DESCRIPTION OF THE TASK
From the line containing "Buddha Stones Pulsera" to the line containing "Sac à dos d'alpinisme" in the entries below, reproduce every line exactly, ends included. Nothing else belongs in the copy, and no pictures.

INPUT
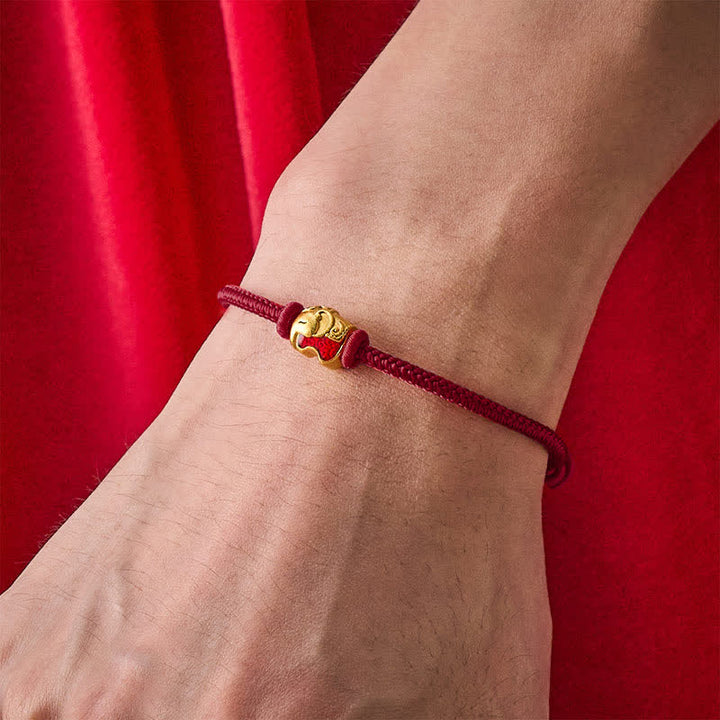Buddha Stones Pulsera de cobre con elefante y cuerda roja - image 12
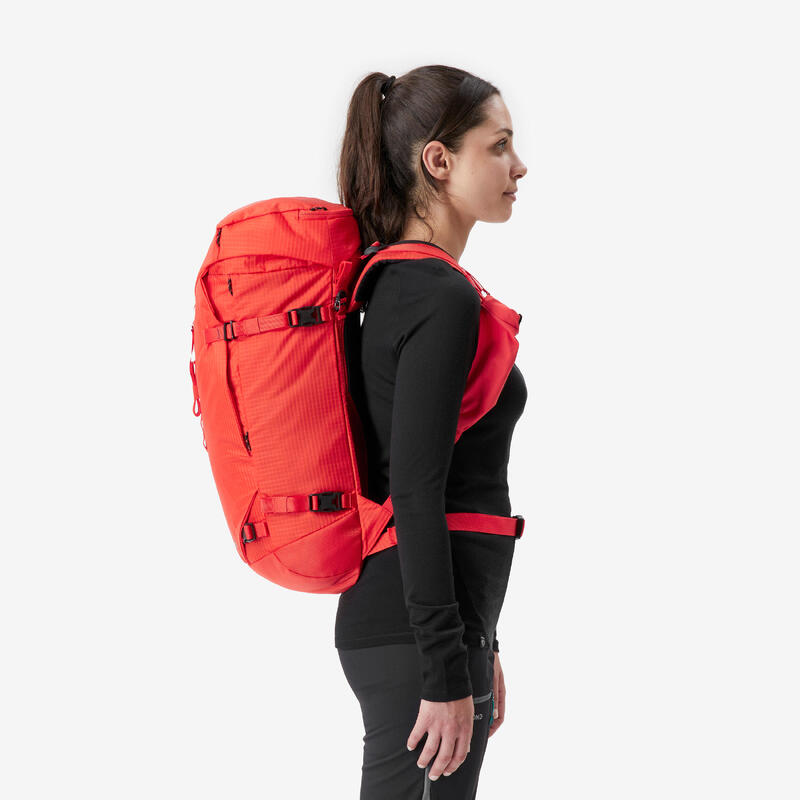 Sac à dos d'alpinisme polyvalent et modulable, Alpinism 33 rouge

...

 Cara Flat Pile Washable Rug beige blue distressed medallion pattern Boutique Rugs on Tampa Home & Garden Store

SOLUTION TO THIS PROBLEM
Buddha Stones Pulsera de cobre con elefante y cuerda roja - image 12
 Sac à dos d'alpinisme polyvalent et modulable, Alpinism 33 rouge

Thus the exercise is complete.